* [TASK DETAILS]:
For the entries below, the expected answer is the line with "10 astuces pour", the line with "نقشه تازه مذاکرات", and every line between them, exactly as written, and nothing more.

* [GIVEN RECORDS]:

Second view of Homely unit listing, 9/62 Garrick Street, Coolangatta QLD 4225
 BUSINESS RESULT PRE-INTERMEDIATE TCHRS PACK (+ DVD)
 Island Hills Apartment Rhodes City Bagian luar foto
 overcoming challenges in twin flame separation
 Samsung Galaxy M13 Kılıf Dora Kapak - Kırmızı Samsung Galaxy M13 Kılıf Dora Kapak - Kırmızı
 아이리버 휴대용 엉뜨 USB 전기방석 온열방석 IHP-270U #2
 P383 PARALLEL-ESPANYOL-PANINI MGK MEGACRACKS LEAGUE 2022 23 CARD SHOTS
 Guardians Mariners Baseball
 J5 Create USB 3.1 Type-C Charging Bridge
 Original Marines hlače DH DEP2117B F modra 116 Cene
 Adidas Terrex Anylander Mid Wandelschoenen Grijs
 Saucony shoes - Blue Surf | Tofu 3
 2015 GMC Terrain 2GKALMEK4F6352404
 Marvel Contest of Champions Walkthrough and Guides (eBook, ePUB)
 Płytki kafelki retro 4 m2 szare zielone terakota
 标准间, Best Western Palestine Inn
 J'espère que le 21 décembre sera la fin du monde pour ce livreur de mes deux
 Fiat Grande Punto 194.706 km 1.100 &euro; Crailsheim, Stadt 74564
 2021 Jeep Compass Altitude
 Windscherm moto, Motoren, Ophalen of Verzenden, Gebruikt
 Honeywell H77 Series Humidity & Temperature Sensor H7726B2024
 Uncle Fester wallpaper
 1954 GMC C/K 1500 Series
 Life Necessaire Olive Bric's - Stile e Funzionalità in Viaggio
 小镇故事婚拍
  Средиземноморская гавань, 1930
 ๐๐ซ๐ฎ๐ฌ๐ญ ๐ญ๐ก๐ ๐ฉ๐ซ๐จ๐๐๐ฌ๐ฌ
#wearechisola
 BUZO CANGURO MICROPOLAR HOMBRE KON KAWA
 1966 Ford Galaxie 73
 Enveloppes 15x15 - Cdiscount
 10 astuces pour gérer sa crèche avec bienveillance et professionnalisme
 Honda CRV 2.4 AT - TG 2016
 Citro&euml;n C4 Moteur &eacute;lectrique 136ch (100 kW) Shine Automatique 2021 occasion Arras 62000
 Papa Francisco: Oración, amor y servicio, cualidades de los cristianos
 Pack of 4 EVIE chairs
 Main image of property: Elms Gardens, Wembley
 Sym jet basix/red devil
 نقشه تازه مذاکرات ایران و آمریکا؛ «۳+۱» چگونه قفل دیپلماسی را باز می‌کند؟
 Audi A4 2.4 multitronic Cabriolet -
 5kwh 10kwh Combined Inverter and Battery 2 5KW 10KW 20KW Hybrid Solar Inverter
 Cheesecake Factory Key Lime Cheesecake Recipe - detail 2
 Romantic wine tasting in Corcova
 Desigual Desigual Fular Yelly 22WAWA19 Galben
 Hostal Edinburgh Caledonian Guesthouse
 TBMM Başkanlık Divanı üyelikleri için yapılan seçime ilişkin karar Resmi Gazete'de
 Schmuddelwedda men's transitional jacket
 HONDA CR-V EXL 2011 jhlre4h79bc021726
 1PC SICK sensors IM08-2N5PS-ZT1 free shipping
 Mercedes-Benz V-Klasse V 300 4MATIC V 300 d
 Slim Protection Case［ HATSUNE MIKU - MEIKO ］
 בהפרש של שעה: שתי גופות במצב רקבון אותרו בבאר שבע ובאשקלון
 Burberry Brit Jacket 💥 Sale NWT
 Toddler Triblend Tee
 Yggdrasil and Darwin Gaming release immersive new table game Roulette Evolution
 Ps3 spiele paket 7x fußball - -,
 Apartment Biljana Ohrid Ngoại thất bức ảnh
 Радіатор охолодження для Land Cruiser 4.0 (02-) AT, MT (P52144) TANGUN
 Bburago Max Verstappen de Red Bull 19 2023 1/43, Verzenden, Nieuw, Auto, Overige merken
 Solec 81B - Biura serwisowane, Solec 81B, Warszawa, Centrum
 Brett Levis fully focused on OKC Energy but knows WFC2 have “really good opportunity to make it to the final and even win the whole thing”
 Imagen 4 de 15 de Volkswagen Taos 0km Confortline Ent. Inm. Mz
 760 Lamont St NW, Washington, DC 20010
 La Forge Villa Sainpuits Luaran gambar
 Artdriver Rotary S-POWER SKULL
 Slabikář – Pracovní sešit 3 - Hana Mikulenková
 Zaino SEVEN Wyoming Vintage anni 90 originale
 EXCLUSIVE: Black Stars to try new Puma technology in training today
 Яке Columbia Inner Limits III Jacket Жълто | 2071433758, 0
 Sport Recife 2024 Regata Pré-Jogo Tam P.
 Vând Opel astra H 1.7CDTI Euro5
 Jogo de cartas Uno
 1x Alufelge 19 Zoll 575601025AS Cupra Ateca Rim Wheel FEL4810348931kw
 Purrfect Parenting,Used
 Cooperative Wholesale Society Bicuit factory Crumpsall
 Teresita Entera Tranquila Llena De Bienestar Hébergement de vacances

* [RESPONSE TO THE EXERCISE]:
 10 astuces pour gérer sa crèche avec bienveillance et professionnalisme
 Honda CRV 2.4 AT - TG 2016
 Citro&euml;n C4 Moteur &eacute;lectrique 136ch (100 kW) Shine Automatique 2021 occasion Arras 62000
 Papa Francisco: Oración, amor y servicio, cualidades de los cristianos
 Pack of 4 EVIE chairs
 Main image of property: Elms Gardens, Wembley
 Sym jet basix/red devil
 نقشه تازه مذاکرات ایران و آمریکا؛ «۳+۱» چگونه قفل دیپلماسی را باز می‌کند؟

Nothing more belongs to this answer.